SWP nudges Congress to pass bill raising the age for statutory rape
SOCIALWATCH PHILS·OCTOBER 19, 2020
In observance of the International Day of the Girl Child, the Social Watch Philippines (SWP) is urging Congress to hasten the passage of the bill raising the age for statutory rape to 16, which was initially approved in August 27 by the House Committees on Revision of Laws and Welfare of Children.
“While it will not completely address the challenges in protecting the children from a myriad of abuses such as online sexual abuse and exploitation of children (OSAEC), amending the anti-rape law is a good start, as those belonging to age 13-15 are still vulnerable and need protection,” the SWP said.
Under the 1997 Anti-Rape Law, a sexual intercourse is considered statutory rape if the victim is under 12 years old which is lowest in Southeast Asia. It criminalizes sex with minors under age 18 but only if there is no consent or if the act involves force or intimidation.
The SWP notes that the Special Protection of Children Against Abuse, Exploitation and Discrimination Act or Republic Act 7610 defines children as “persons below eighteen (18) years of age or those over but are unable to fully take care of themselves or protect themselves from abuse, neglect, cruelty, exploitation or discrimination because of a physical or mental disability or condition”.

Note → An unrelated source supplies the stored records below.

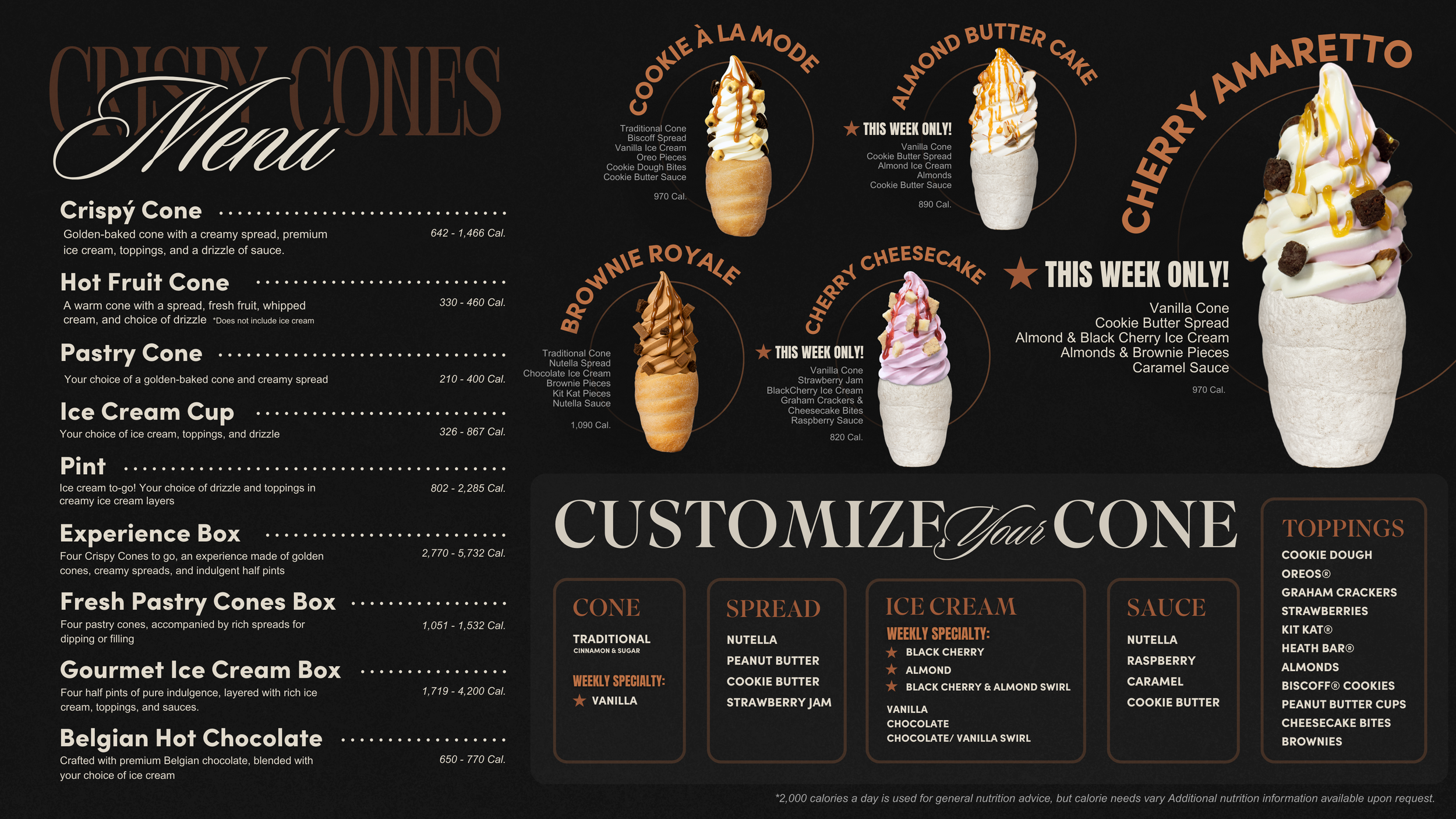 Menu with Almond, Black Cherry Ice Cream and Vanilla Cone.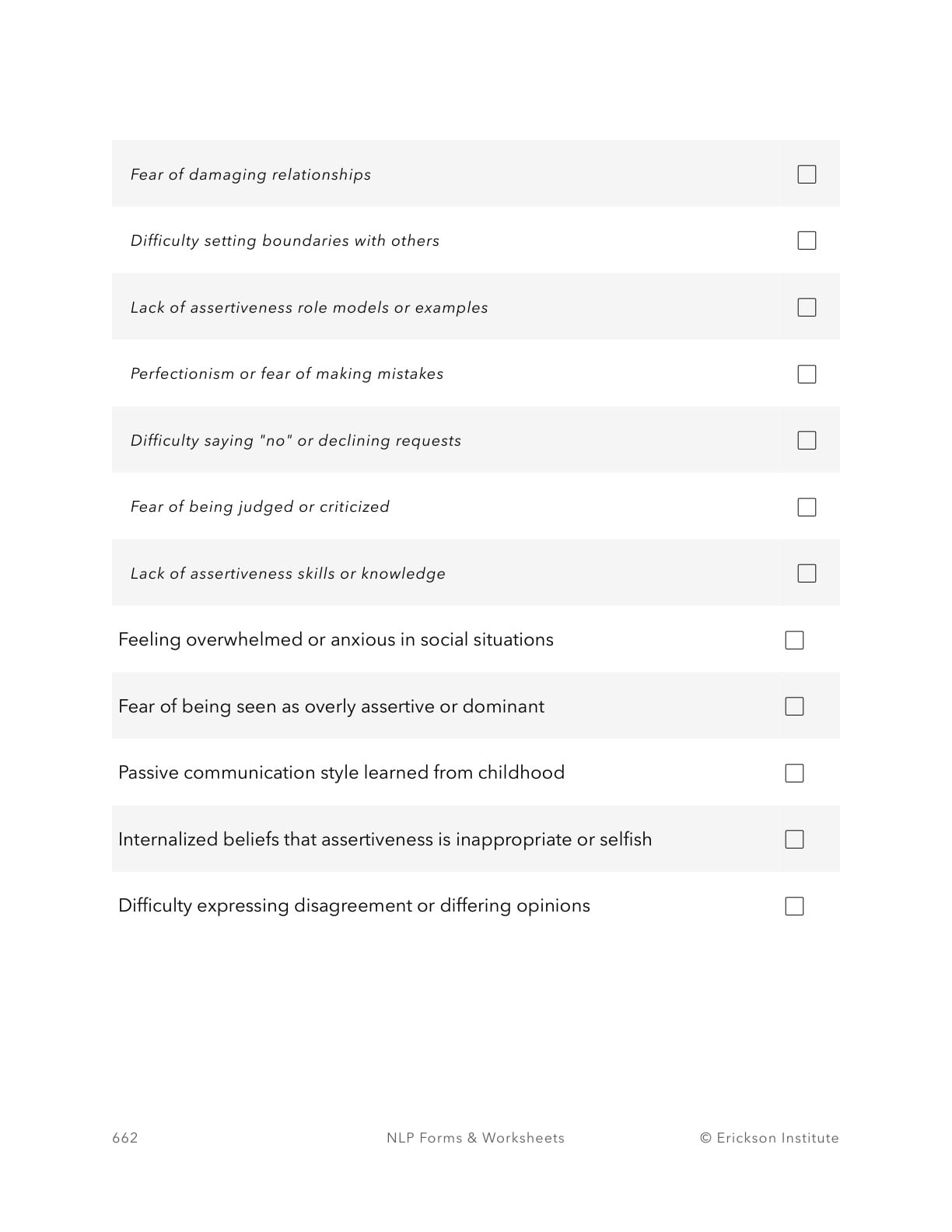 Obstacles To Assertiveness Worksheet - Neuro Linguistic Programming 2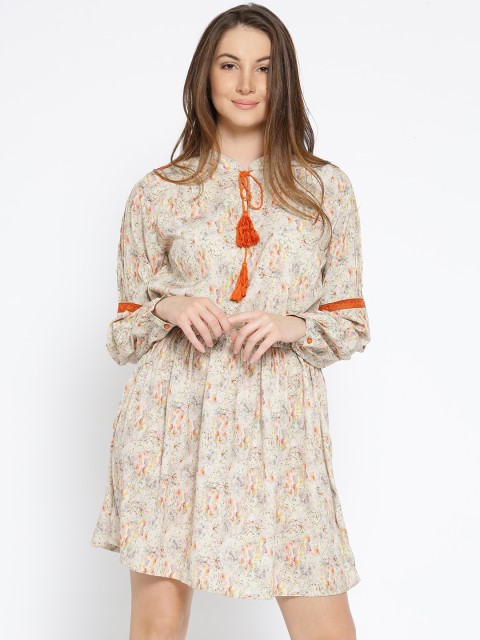 

I AM FOR YOU Women Beige & Orange Printed A-Line Dress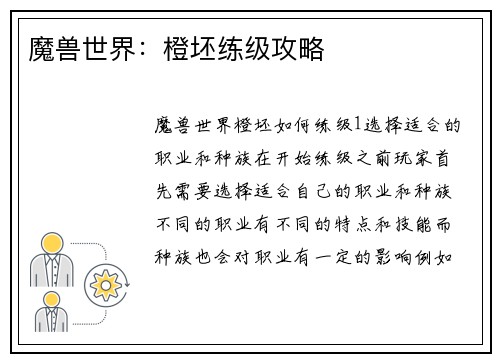 魔兽世界：橙坯练级攻略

The proposed bill also seeks to amend the definition of rape to include acts of perversion for sexual gratification, and criminal liability will remain even with forgiveness or eventual marriage between the rapist and the victim. Grooming, a tactic being used by perpetrators to psychologically prepare the minor as a prelude to sexual abuse is included as a new element of rape. It will not also allow amicable settlement or affidavits of desistance at any stage of the proceedings.
“Aside from the non-responsive old anti-rape law, the OSAEC should be addressed also by providing enough budget for child protection,” according to the SWP, citing a study by the United Nations Children’s Fund (UNICEF) that one in 5 Filipino children are vulnerable to online sexual abuse.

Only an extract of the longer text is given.